With the Reserve Bank of India’s (RBI’s) assurance on steps to manage inflation, the yield on government bonds is likely to remain stable in the coming week.
The yield on 10-year benchmark government bond (7.80 per cent paper 2020) closed with higher yield at 7.83 per cent, up from the previous week’s level of 7.80 per cent. The yield on 10-year paper had closed at 7.91 per cent on Thursday.
The yield on government bonds had moved up at the beginning on concerns of oversupply of paper. Statements from RBI Governor D Subbarao and his deputy, Subir Gokarn, on adequate steps taken for managing inflation tempered the sentiment. The steady improvement in liquidity in the banking system helped to stabilise the mood in the bond market.

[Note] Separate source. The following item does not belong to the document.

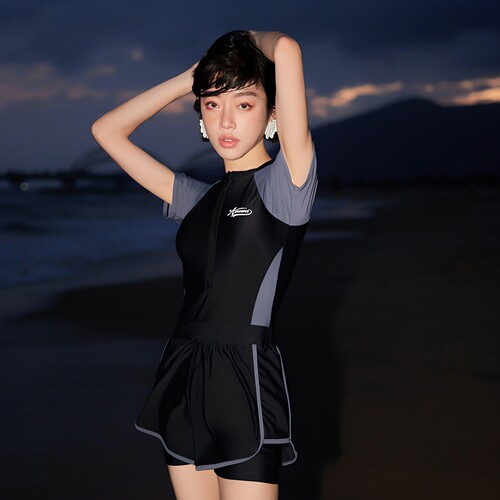 女连体大码双层裤游泳衣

Call rates to remain steady
Interest rates in the overnight interbank market are expected to remain steady on improvement in the liquidity in the system. The central government’s cash balance with the RBI declined sharply in the week ended July 30, according to latest RBI data.
This underscores that such spending has been the reason behind the improvement in liquidity this week, and the subsequent fall in overnight rates. This week, banks turned net lenders to RBI from being net borrowers and the call rate has been hovering around the reverse repo rate of 4.75 per cent, rather than the repo rate of 5.75 per cent.